(Source records)
--*--

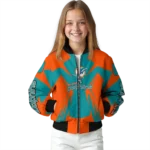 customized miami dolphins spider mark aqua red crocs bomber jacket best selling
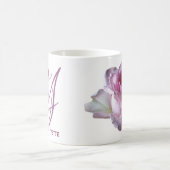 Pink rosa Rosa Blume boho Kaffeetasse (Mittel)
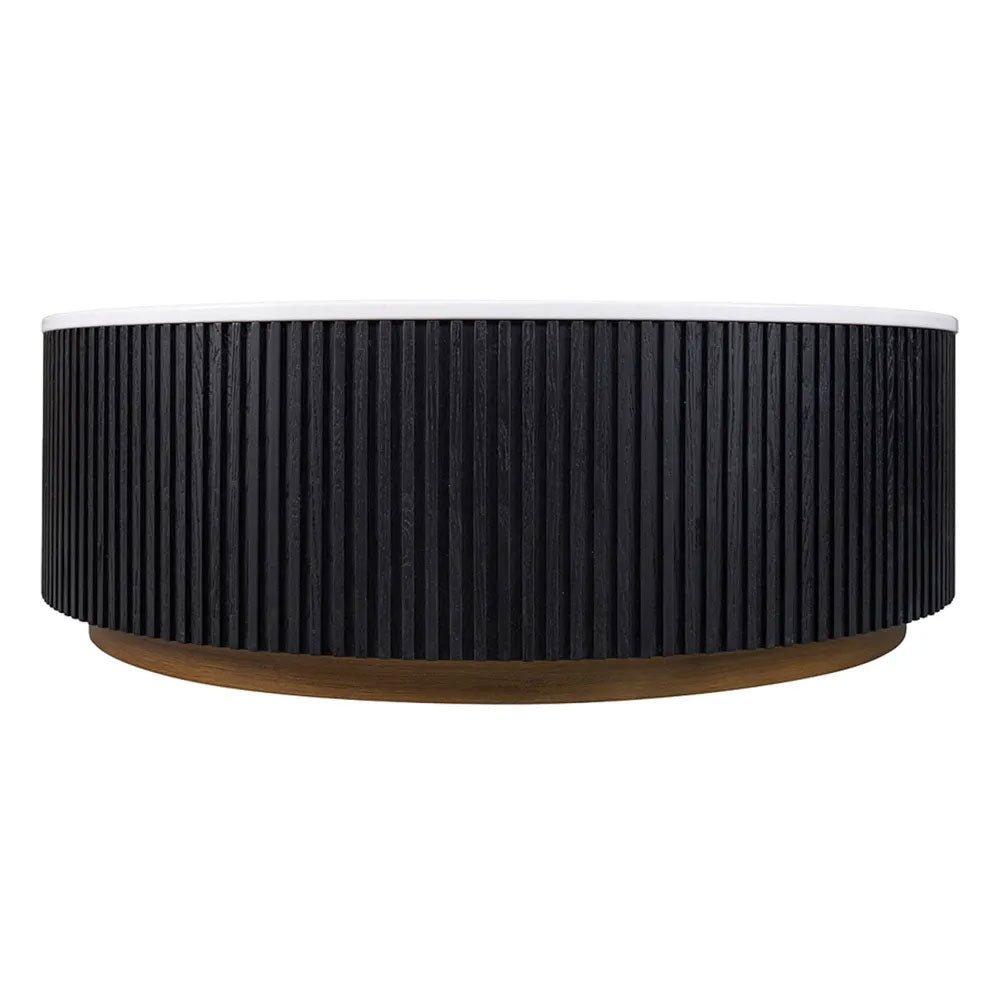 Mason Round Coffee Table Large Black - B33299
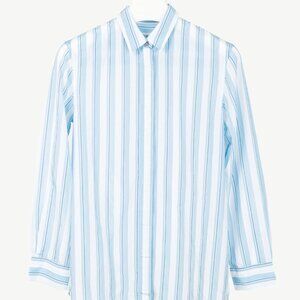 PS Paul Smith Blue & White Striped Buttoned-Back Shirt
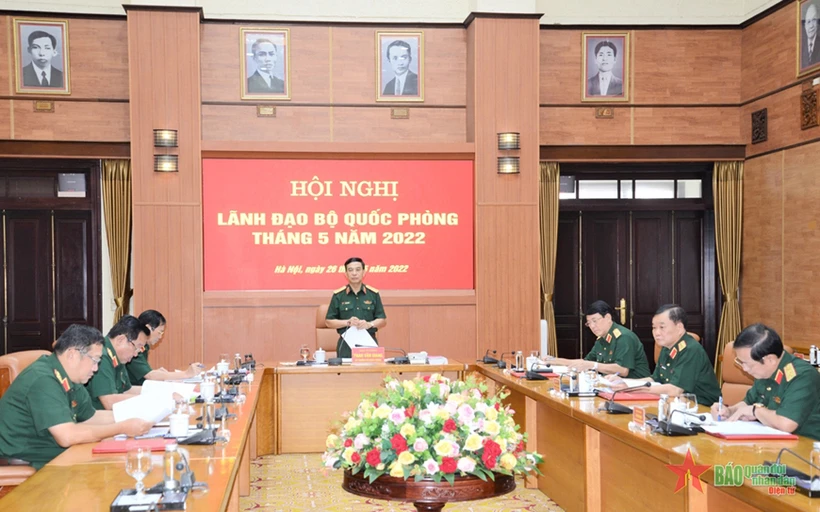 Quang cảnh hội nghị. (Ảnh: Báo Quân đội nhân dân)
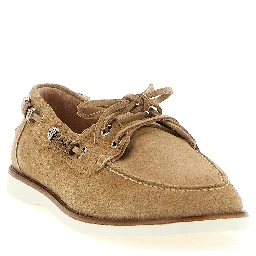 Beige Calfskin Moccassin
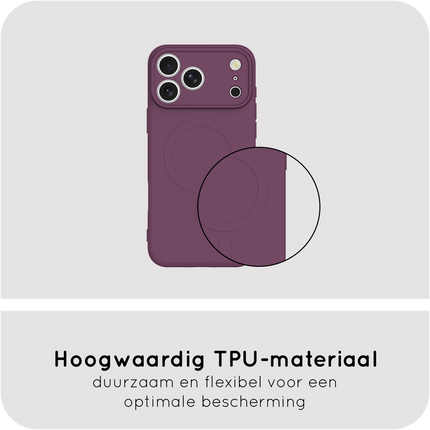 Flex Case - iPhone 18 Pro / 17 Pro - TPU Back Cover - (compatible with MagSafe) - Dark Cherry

--*--

Your copy should consist solely of the lines from the line containing "PS Paul Smith" through the last line of the records above, reproduced exactly, with the pictures left out.

 PS Paul Smith Blue & White Striped Buttoned-Back Shirt
 Quang cảnh hội nghị. (Ảnh: Báo Quân đội nhân dân)
 Beige Calfskin Moccassin
 Flex Case - iPhone 18 Pro / 17 Pro - TPU Back Cover - (compatible with MagSafe) - Dark Cherry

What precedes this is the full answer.